Here's another great track (gets awesome at 1:43)


----------



## DJ John (Sep 24, 2010)

I agree with Repo Man above.
"Figure" by far is the beast of Halloween Dubstep. I've heard NOTHING that compares to this kid. 
His production sound is unique. Massive sound geared towards Halloween freaks like us.
He's creative. He understands the nuisances of timing in music and how to make energetic compositions. I'd love to hear him incorporate more musical landscapes into his music, but Dubstep is about the beat and the bass, so no big deal.
The BEST thing about him is that he pretty much gives away all of his music for FREE. Financially, I assume he does quite well from gigs and touring.


----------



## Graveyard Calling (Jul 17, 2013)

I have to agree with the recommendations of Figure, I always look forward to his new release every Halloween. 

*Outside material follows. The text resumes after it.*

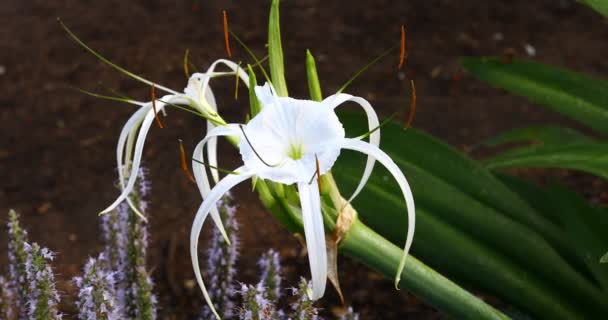 Алігатор Лілі Hymenocallis Palmeri Квітка Саду — стокове відео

On my own release, Vacant Tombs & Full Moons half the tracks are dubstep and the other half drum and bass. You can check it out at: http://graveyardcalling.bandcamp.com

Fogcreature makes some awesome horror dubstep tunes, you can download his first release for free here: http://fogcreature.bandcamp.com

Optiks has another great horror/halloween dubstep release that is also free to download: http://officialoptiks.bandcamp.com


----------



## Haunty (May 31, 2006)

"Moon Trance" by Lindsey Stirling

http://www.youtube.com/watch?v=0dfZ9BXaNyE&feature=c4-overview-vl&list=PL0805FB61D7503BC2


----------



## The Real Joker (Sep 8, 2008)

"GhostDUBsters" Love it


----------



## Demons from the Grave (Sep 11, 2013)

Check out Dubstep in the Woods at http://youtu.be/eIRA3CPA3oY


----------



## 22606 (Aug 11, 2008)

Sam Haynes, also a member here, has some great tracks that often have a dubstep quality: Bandcamp (albums) and SoundCloud (demos and remixes)


----------



## The Real Joker (Sep 8, 2008)

Found some more


----------



## jackpackage (Oct 23, 2012)

This will help you out for 30 mins of your playlist:


----------